Vous reprendrez bien une petite secousse ?

PS: Dans la presse du lendemain les Piche ont appris que l’intensité de “leur” tremblement de terre était de 5,5 sur l’échelle de Richter. Qualifié de moyen par les scientifiques. Il succédait à trois autres en décembre et janvier d’intensité voisine. Il n’a  pas fait de dégât.

Pas d’armée, donc pas de coup d’état !

Vendredi 30 janvier 2004

San Jose, 30 janvier 2004

“Intel Inside” pourrait être la devise du Costa Rica dont la première source de revenus à l’exportation provient ni du café, ni des bananes, ni du tourisme mais des usines Intel.

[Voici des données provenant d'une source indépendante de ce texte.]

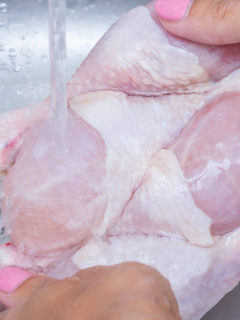 Woman washing raw frozen hen in kitchen sink. Cooking chicken at home. Close-up, selective focus.
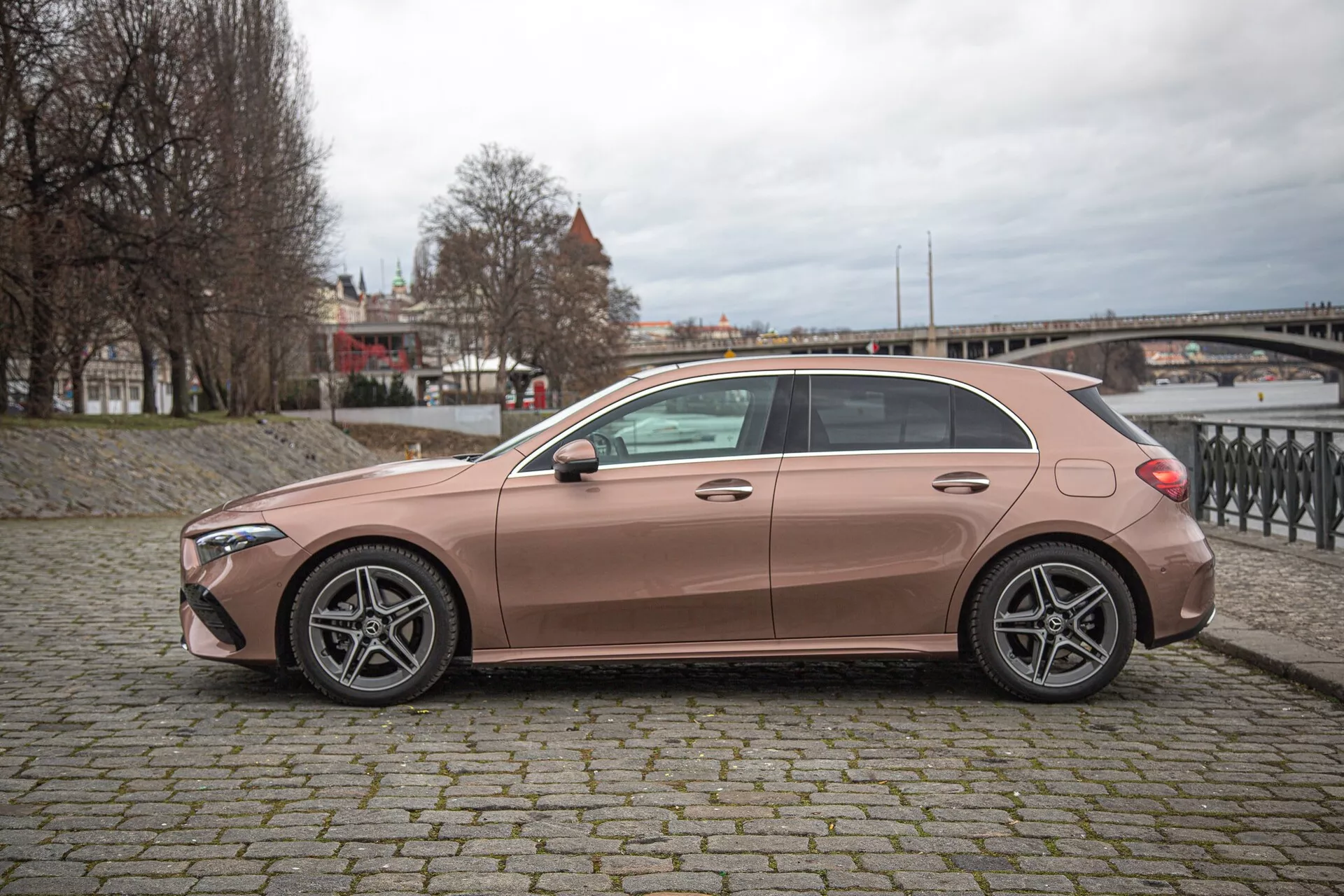 Bočný profil hatchbacku Mercedes-Benz A-Class 2022 v metalickej medi, s päťramennými zliatinovými kolesami, bezkľúčovým prístupom a aerodynamickým dizajnom v mestskom prostredí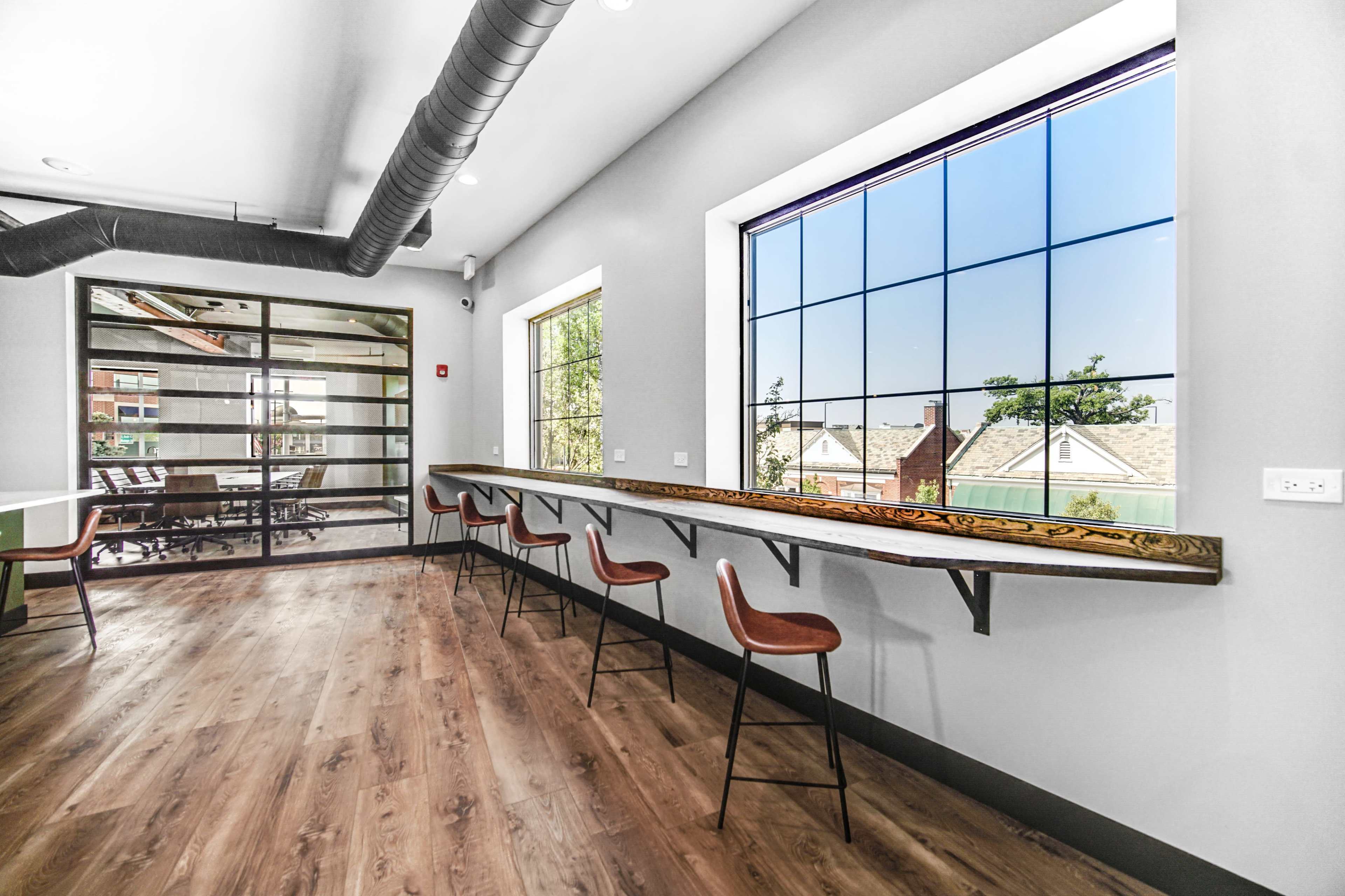 A modern interior space with a long wooden counter and several high stools positioned near large windows overlooking a neighborhood.
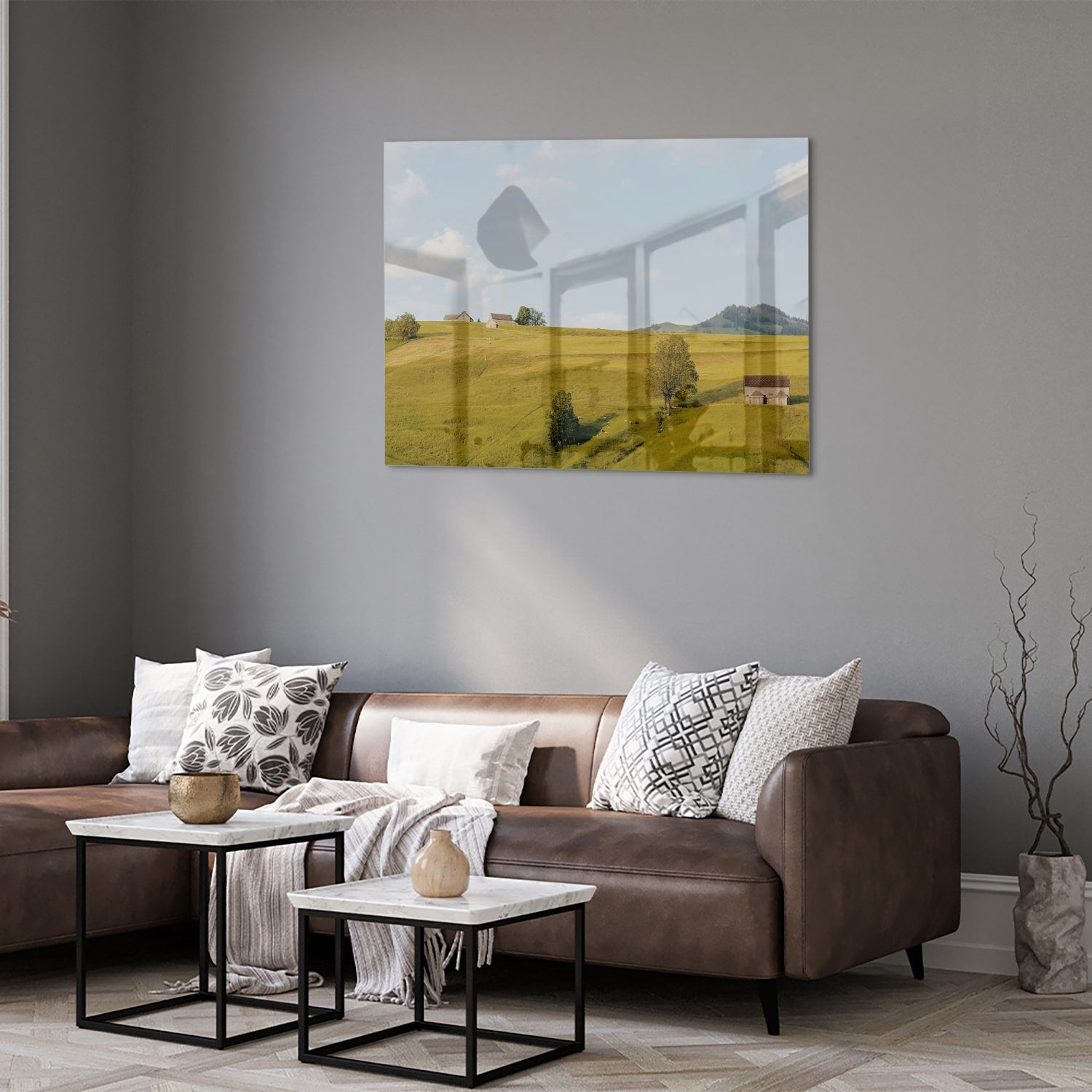 Glazen schilderij met groene heuvels en boerderijen op een witte muur.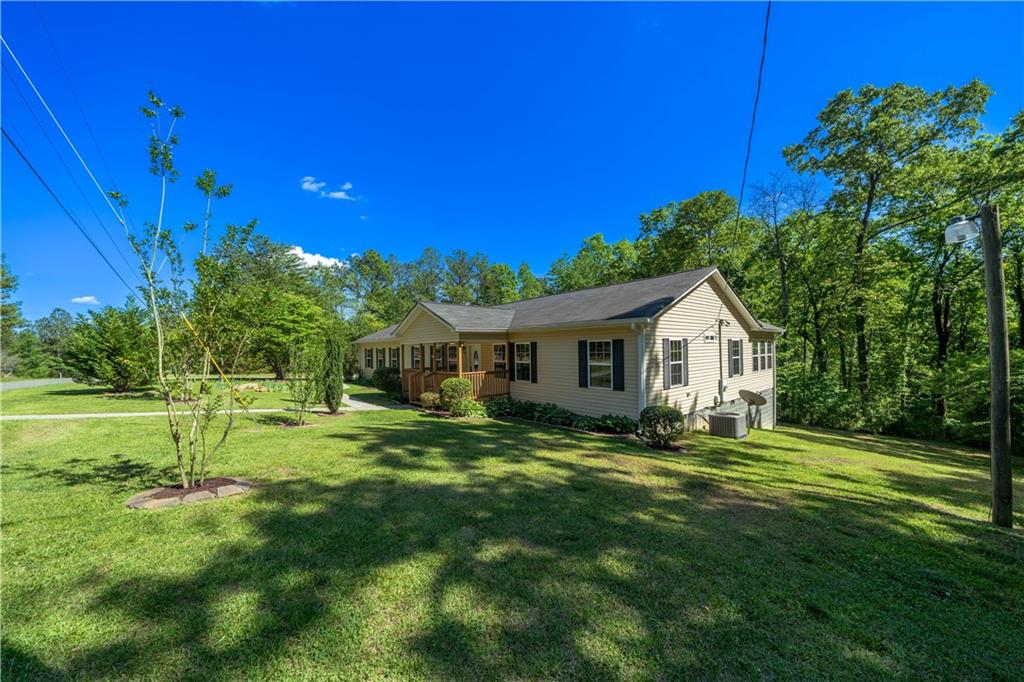 25 Quail Ridge Road Taylorsville, GA 30178 - Photo 27 of 29 a view of a house with a big yard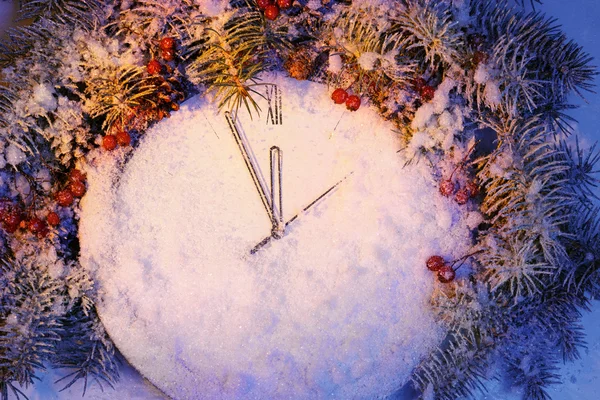 Large clock covered with snow before the new year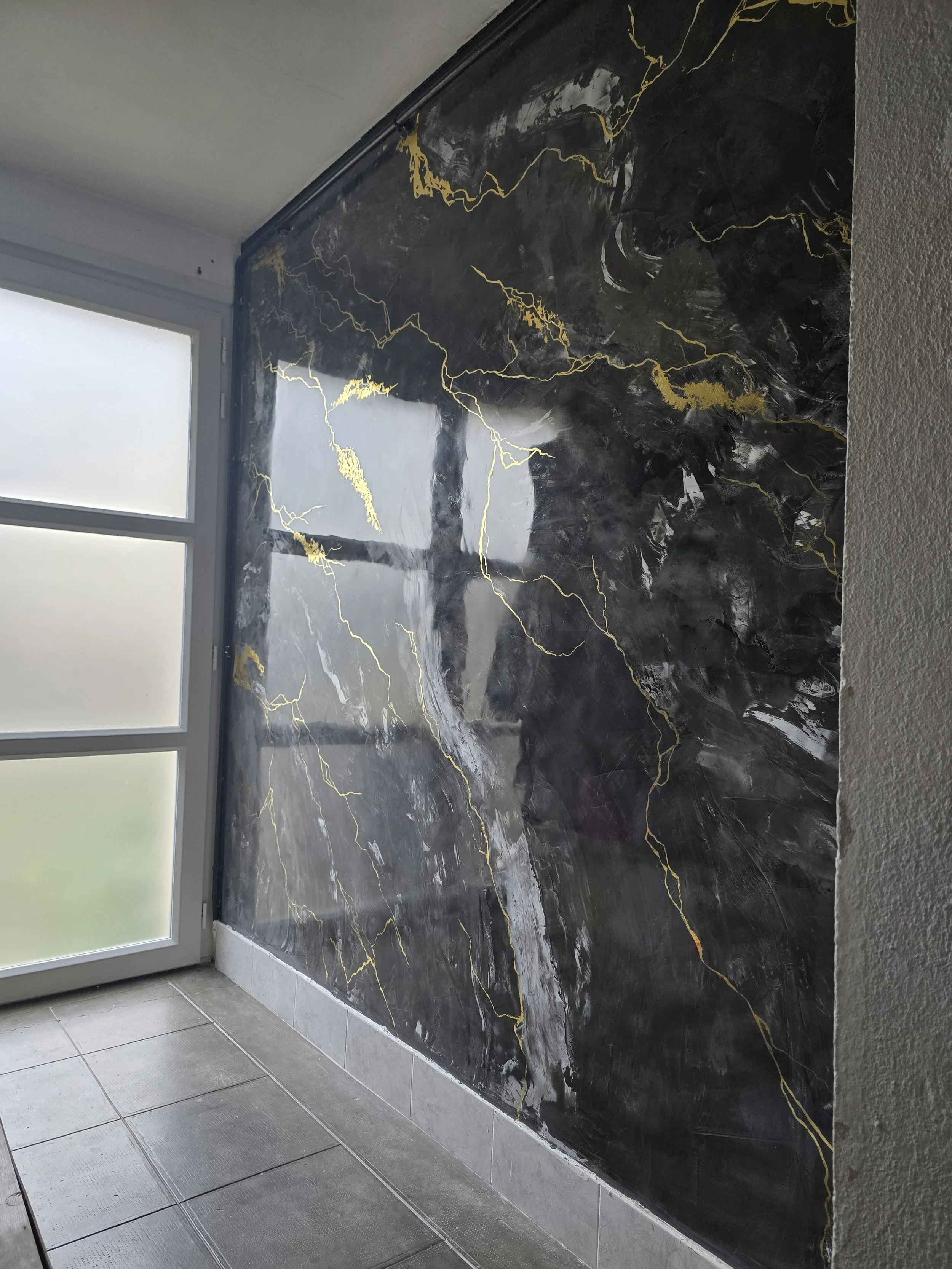 Mur enduit marbré noir veines dorées - sas d'entrée réalisé par Opus Aurea Albi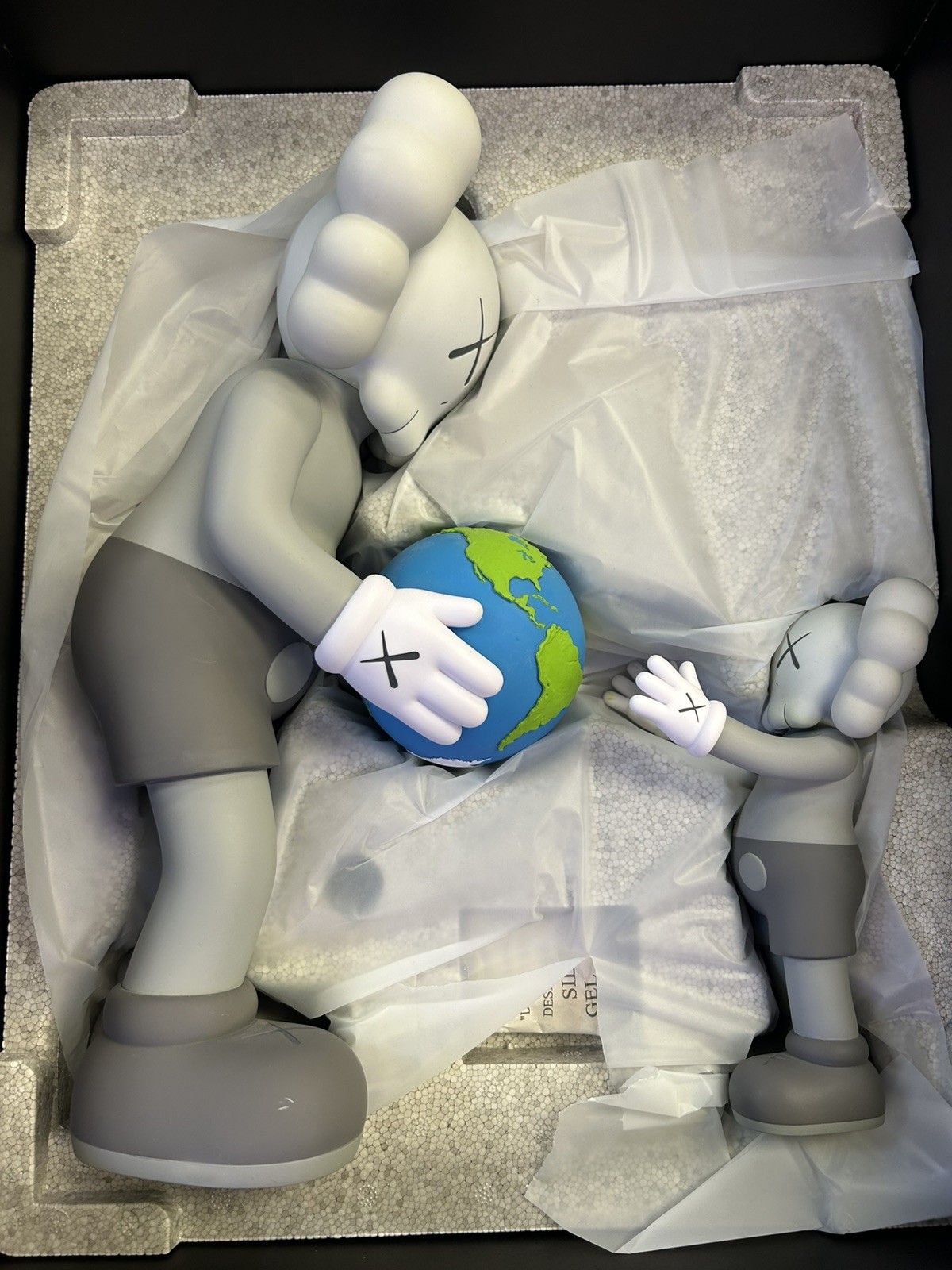KAWS THE PROMISE Open Edition Vinyl Figure with Original Box BROWN. Displayed.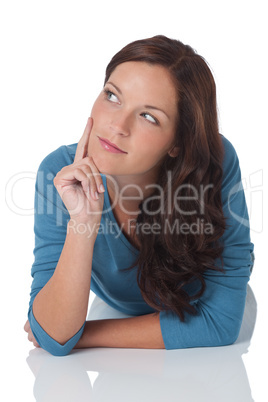 Portrait of woman thinking watching up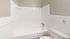 Bright and modern bathroom featuring a sleek white bathtub, tiled walls, and a convenient showerhead for a refreshing experience.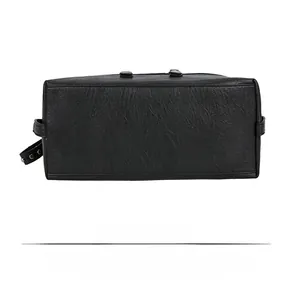 Detailed bottom view of large black tote bag showing soft lychee texture and rivets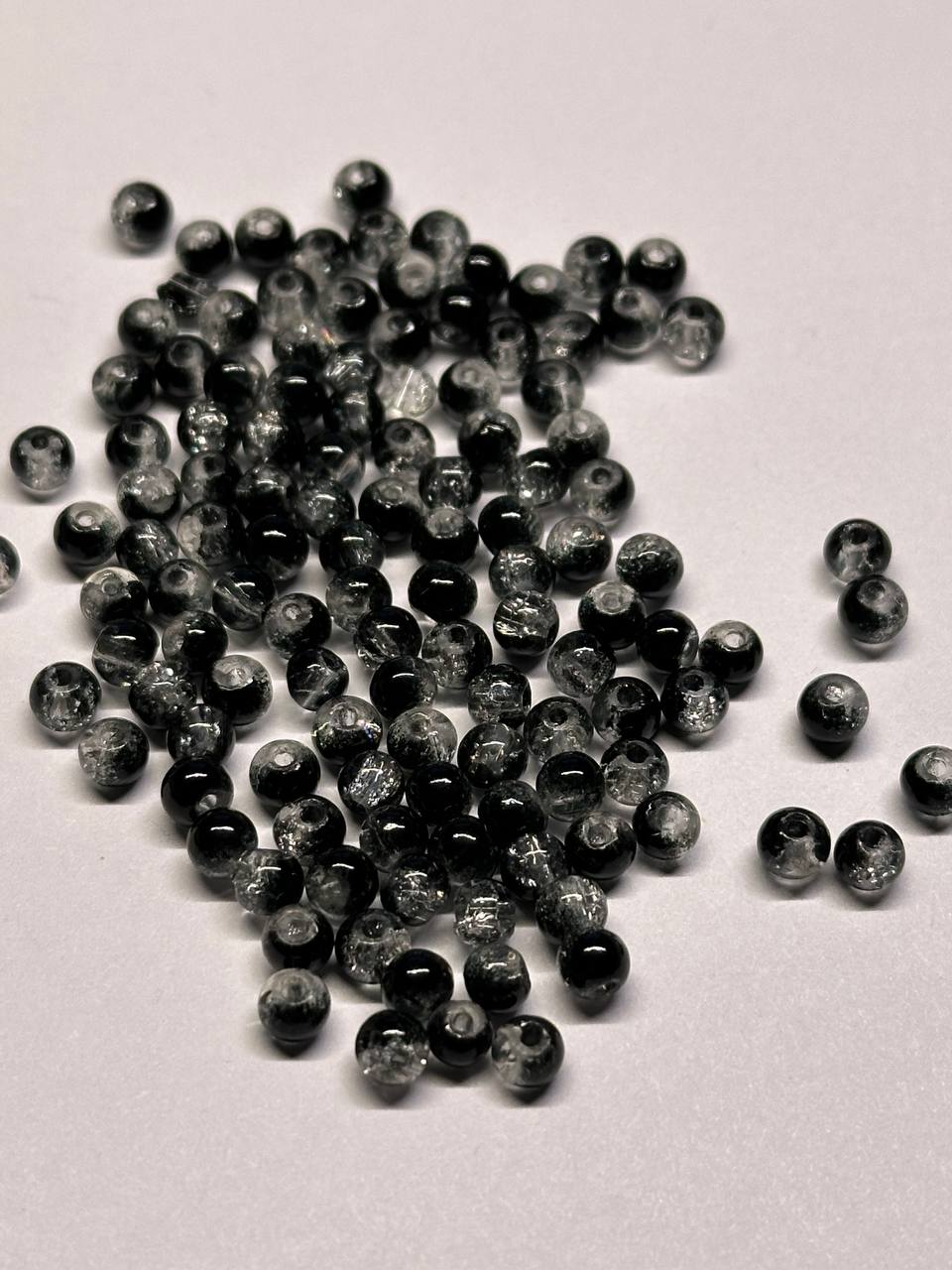 Pile of small black and gray beads on a light gray background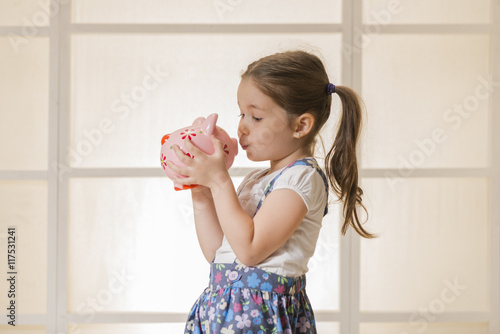 Portrait of happy young little girl kissing pink piggy bank. Education, school and money saving concept. Junior Savings Account concept
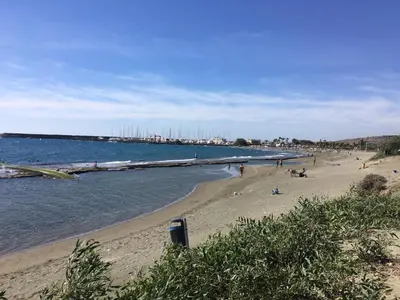 a beach with people on the sand and water at Sunny Garden Limassol Star in Limassol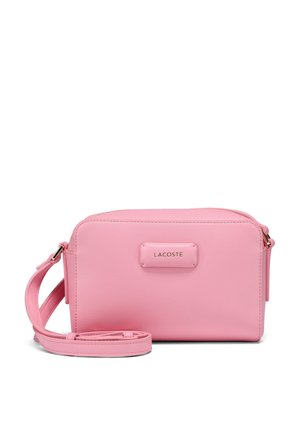 Pink synthetic leather crossbody bag with zip closure, gold hardware accents, and a logo plaque on the front. Includes a detachable strap.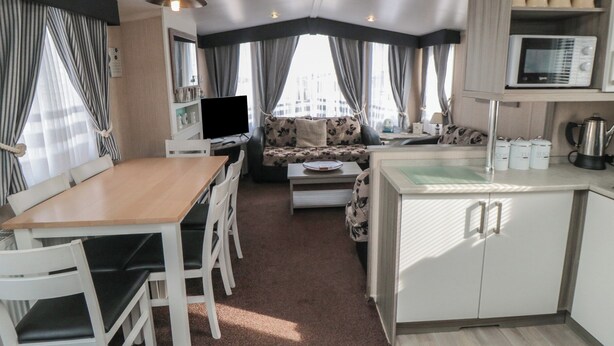Un espacio habitable compacto con comedor, sofá, kitchenette y televisor.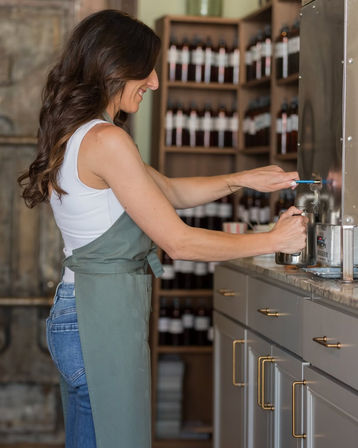 Smiling woman in a green apron fills a glass jar from a stainless-steel spout in a bright artisanal workshop lined with shelves of amber bottles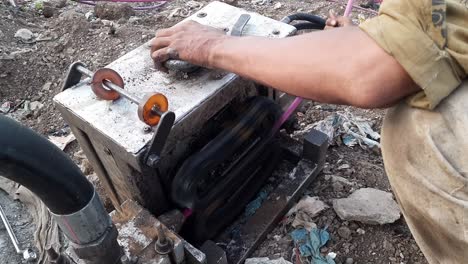 a man pushes fiber optic cable by cable-pusher machine, fit for laying underground cables in long conducts and in harsh conditions, cable feeder sender pusher machine for underground cable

Les singularités de cette sorte, ce petit pays les accumule à loisir.

Il est le champion de la biodiversité animale et végétale. Le nombre d’espèces qui y vivent est supérieur à celles dénombrées aux Etats-Unis sur une surface égale au dixième de la France. Du coup, 27% du territoire est protégé et l’écotourisme est le maître mot des dirigeants.

Beaucoup d’oiseaux, de mammifères, de plantes donc mais pas un seul militaire. Eliminés, tous, avec la suppression de l’armée en 1948 pour mettre fin aux coups d’Etat. Avec succès depuis cette date.

La population est si blanche de peau que Rose et Raoul Piche, bien bronzés depuis leur arrivée sur ce continent, passent aisément pour des natifs du lieu. Les noirs de la côte Caraïbe, longtemps interdits de séjour ailleurs, sont restés cantonnés là bas.

Dimanche dernier, Rose et Raoul ont cru original d’aller se promener dans la vallée d’Orosi près de Cartago. A 17h ils ont découvert que tous les habitants de San José, la capitale proche, avaient eu la même idée. D’où d’interminables embouteillages de fin d’après midi comme dans la forêt de Fontainebleau. Tant de voitures dans un si petit pays?

Vivant sous l’ombre tutélaire du grand frère américain le Costa Rica en a adopté bien des travers.

Aussi, pour manger Rose et Raoul ont-ils décidé de boycotter tout ce qui ressemble à de la restauration rapide à la Mac Do.

Pas facile. Dans les deux rues les plus fréquentées de San José, ils ont successivement renoncé à Burger King, Taco Bell, Billy Boy, KFC, Hamburger Factory, Pap John’s, Church’s chicken, Spoon, Hamburger City, Pizza Hut et d’autres encore pour aller déguster un ceviche (poisson cuit au citron) dans un estaminet du marché central.

Le paradoxe, mais en est-ce vraiment un ? étant que la qualité des mets est directement proportionnelle à la pauvreté de la gargote où ils sont servis. Avec parfois, en prime, un match de foot à la télé. Comme hier soir quand le Costa Rica a écrasé la Jamaïque 3-0. Ambiance.

En Amérique centrale, Rose et Raoul sont loin des délices des cuisines Indienne, Thaï, Vietnamienne. Par chance la grippe aviaire est inconnue ici et c’est tant mieux car la protéine reine est le poulet servi partout accompagné de riz et de haricots rouges.

Autre déception pour Raoul, l’indigence de la presse (Al Dia, La Nacion, Extra (le pire!!), La Prensa Libre).

Alors que l’an passé il se régalait avec la presse indienne, vive, engagée, polémique, la presse du Costa Rica comme celle du Panama sont à un niveau qui ferait passer “Midi Libre” pour l’égal du “New York Times”.

Grand pays, grande presse? Petit pays, petite presse? Heureusement, un saut à l’Alliance française de San José a permis aux Piche de se ressourcer. Ils y ont appris la sévère condamnation d’Alain Juppé et ont frémi en songeant qu’ils avaient failli ignorer un fait de cette ampleur.

Voyager n’est pas sans risque!

Mais, ouf! cette fois encore les Piche ont évité le pire.